·Table of Contents
·Methods and Instrumentation
Inspection of Defects on the Roll Surface Using AC Magnetic Flux Leakage MethodZ.S.Lim
Research Institute of Industrial Science and Technology, P.O.Box 135, Pohang, Korea
Physics Department, Hannam Univ., 133, Ojung-dong, Daejon, Korea
In this study we employed AC-MFL (Alternating Current Magnetic Flux Leakage) method for the defect inspection on the surface of the HSS(High Speed Steel) rolls. The roll surface was magnetized using laminated yoke at the magnetizing frequency range from 1-kHz to 10kHz (f0), and the resulting leakage flux was measured with a Hall sensor. The sinusoidal output of a function generator was fed into a power amplifier to generate an AC magnetic potential in the yoke made of laminated silicon steel. The output of the Hall sensor was rectified and filtered using a low pass filter with a cutoff frequency about ten times smaller than f0. We made various artificial defects (0.1 ~ 0.5 mm in depth) on the roll surface using EDM(Electro-Discharge Machining), and recorded the magnetic field for each defect. The line speed of the roll surface was varied from 0 to 1 m/sec.
With a given magnetizing frequency, a certain magnetizing current showed a peak in signal to noise ratio.
For most of the artificial defects, 6 kHz was found to be effective magnetizing frequency. In general we found that the strength of MFL depended on the depth of the defect, which showed a possibility for the defect sizing.
An interesting result was that the circumferential and axial defects could be inspected with the same magnet and sensor configuration. The reason was possibly due to combination of the MFL and induced eddy current. A further study is needed to clarify this.

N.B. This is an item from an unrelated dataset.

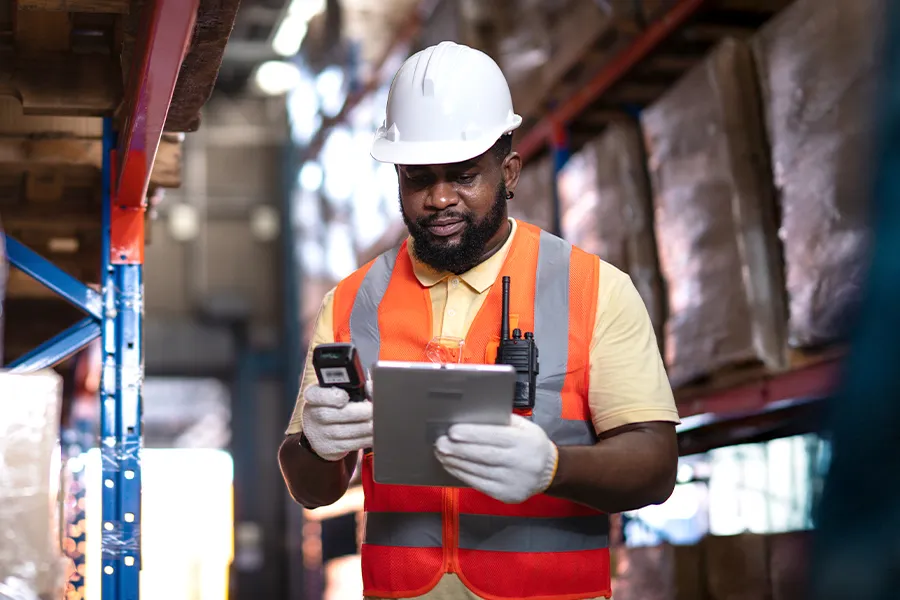 Employee in high visibility vest using a portable device and tablet for monitoring working hours with Kelio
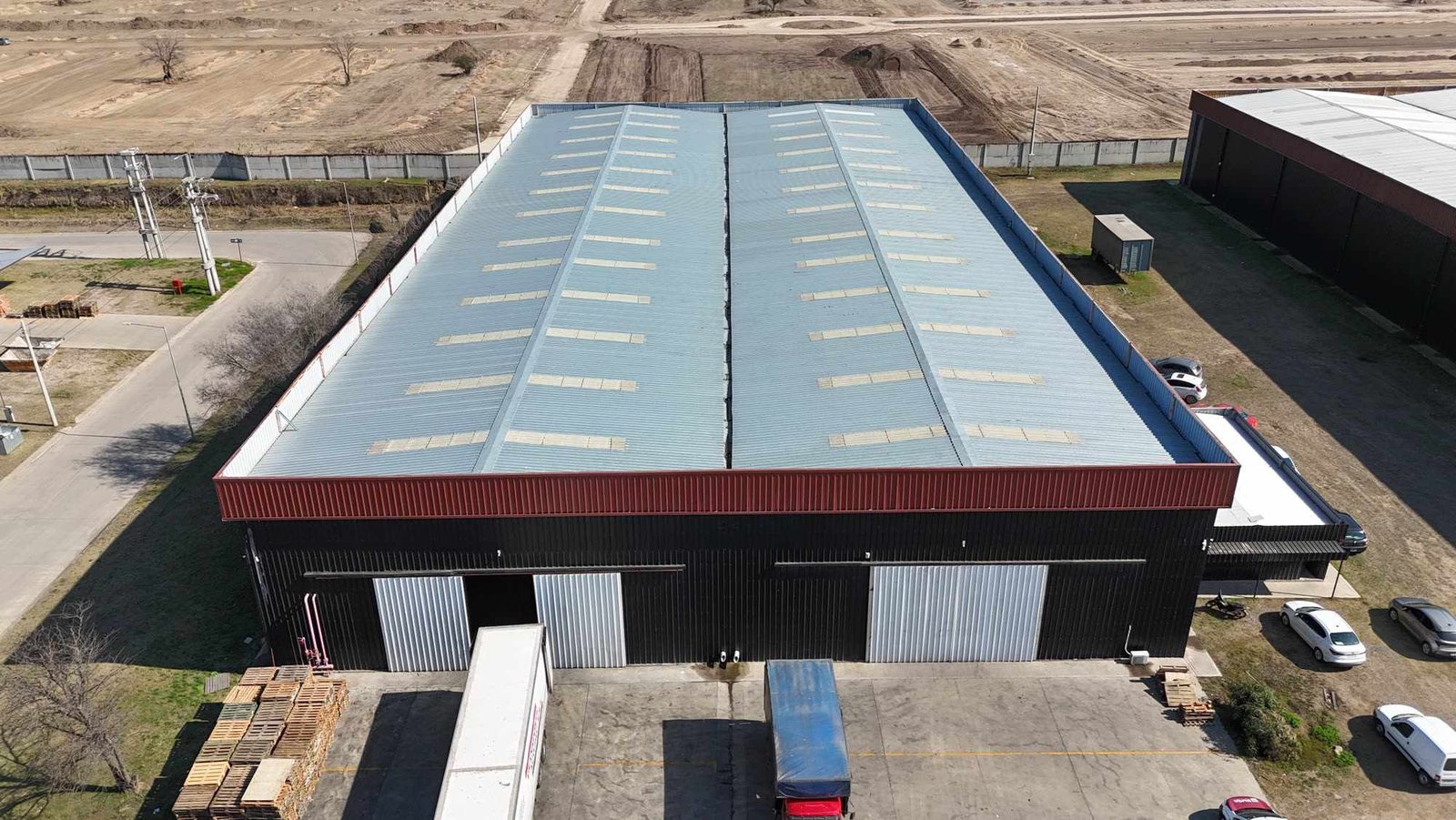 Nave industrial terminada de cerramiento negro con banda bordó, con dos portones y un camión cargando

KEYWORDS : alternating current magnetic flux leakage method, defect, HSS roll, defect sizing
Magnetizing Yoke and Power Amplifier
We have made an AC magnetizing yoke with non-oriented electrical steel sheets (PN-18) of 0.5 mm thickness , which are laminated and molded with epoxy and wire-cut as shown in Fig.1. The magnetizing current is fed into yoke using a 500W power amplifier, which is driven by a function generator. The driving frequency was varied ranging from 1 to 10 kHz. The power amplifier was laboratory designed using PA-03 (Fig.2).
|Fig 1: Shape of magnetizing yoke|
|Fig 2: Schematic diagram of power amplifier|
Magnetic Sensor and Its Controller
We have used a commercial Hall sensor(HW-300A-F). The sensor is driven in constant voltage mode. The output signal from the sensor is rectified and low-pass filtered with cutoff frequency of 10 Hz which is much lower than the driving frequency.
Before doing experiments with rotating rolls, we have done preliminary experiments with static specimen. For this purpose we have made a low speed scanning system with flat specimen.(Fig.3). Using step motor controllers, we have scanned the magnetic sensor at a constant height from the flat HSS specimen with artificial defects and recorded the magnetic leakage flux with a digital voltmeter and an IBM-PC.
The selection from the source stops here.